President Obama’s claim that he can refuse to deport 800,000 aliens here in the country illegally illustrates the unprecedented stretching of the Constitution and the rule of law. He is laying claim to presidential power that goes even beyond that claimed by the Bush administration, in which I served. There is a world of difference in refusing to enforce laws that violate the Constitution (Bush) and refusing to enforce laws because of disagreements over policy (Obama)…
Imagine the precedent this claim would create. President Romney could lower tax rates simply by saying he will not use enforcement resources to prosecute anyone who refuses to pay capital-gains tax. He could repeal Obamacare simply by refusing to fine or prosecute anyone who violates it.
So what we have here is a president who is refusing to carry out federal law simply because he disagrees with Congress’s policy choices. That is an exercise of executive power that even the most stalwart defenders of an energetic executive — not to mention the Framers — cannot support.
Iowa Republican Rep. Steve King said Friday that he plans to sue the Obama administration to halt implementation of its newly announced selective illegal immigration law enforcement policy. He told Mike Huckabee on the former Arkansas governor’s radio program Friday that he successfully sued his own state’s governor — and won — over a similar separation-of-powers issue.
“I will tell you that — I’m not without experience on this — I’m prepared to bring a suit and seek a court order to stop implementation of this policy,” King said
“I have done it once in the past successfully when then-Governor Tom Vilsack thought he could legislate by executive order — and the case of King vs. Vilsack is in the books. And that individual, by the way, is now the Secretary of Agriculture.
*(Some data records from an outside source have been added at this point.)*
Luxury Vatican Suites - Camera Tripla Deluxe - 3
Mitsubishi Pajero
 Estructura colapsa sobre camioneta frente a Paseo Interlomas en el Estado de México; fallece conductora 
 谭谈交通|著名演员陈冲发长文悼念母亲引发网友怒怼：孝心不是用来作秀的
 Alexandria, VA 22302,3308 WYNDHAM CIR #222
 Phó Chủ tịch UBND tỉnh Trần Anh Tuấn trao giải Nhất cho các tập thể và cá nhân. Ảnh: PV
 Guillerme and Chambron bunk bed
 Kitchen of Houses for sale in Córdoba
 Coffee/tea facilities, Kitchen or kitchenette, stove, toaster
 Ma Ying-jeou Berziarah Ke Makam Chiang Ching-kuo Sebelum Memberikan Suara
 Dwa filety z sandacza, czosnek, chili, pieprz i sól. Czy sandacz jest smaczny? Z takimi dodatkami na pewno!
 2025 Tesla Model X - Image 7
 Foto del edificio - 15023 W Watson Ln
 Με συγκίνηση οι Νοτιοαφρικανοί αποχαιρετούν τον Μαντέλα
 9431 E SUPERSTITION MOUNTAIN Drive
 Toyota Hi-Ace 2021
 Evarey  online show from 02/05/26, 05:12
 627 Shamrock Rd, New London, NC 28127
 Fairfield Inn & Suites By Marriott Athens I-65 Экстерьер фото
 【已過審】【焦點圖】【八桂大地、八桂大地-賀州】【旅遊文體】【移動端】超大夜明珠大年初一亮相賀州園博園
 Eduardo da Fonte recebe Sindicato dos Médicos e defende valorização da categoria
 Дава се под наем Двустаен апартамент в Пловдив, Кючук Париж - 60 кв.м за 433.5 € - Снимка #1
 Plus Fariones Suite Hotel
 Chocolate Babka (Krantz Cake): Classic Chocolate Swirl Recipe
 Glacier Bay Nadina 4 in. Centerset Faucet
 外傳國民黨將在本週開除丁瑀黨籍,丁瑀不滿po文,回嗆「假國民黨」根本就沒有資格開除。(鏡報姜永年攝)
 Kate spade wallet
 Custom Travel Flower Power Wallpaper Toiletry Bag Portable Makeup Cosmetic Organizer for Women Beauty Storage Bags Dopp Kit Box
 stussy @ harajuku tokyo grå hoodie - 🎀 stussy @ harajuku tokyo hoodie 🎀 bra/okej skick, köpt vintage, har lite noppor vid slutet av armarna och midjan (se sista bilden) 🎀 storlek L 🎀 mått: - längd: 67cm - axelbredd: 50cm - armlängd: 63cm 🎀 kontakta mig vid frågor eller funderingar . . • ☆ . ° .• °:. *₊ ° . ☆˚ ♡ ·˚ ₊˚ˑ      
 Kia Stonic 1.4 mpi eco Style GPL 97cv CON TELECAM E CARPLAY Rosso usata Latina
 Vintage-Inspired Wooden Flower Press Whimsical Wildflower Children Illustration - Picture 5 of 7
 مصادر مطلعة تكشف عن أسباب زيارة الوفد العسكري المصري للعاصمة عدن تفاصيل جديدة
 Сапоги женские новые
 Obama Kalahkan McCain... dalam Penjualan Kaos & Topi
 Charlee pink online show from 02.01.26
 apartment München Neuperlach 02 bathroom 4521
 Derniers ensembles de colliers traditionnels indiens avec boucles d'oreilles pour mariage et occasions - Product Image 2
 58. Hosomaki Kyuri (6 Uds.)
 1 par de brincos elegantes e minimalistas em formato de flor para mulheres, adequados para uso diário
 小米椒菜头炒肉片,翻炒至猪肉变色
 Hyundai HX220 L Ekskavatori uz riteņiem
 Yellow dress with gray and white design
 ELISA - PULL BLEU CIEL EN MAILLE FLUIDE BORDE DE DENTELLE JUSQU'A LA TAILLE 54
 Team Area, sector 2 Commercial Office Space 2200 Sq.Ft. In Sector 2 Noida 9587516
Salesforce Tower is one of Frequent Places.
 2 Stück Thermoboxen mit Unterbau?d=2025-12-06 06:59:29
I wonder if he’s not counseling the president on his legal proceedings.”
RNC Chairman Reince Priebus reacted to the Obama administration’s immigration announcement today at the Faith and Freedom Coalition.
“Well, he’s made a lot of promises that he hasn’t kept,” Priebus told reporters after his remarks to the conservative confab.
“I think president is all politics, all the time,” he said when asked if he thought the announcement was politically motivated.
Via the Daily Caller.
Via the Daily Rushbo.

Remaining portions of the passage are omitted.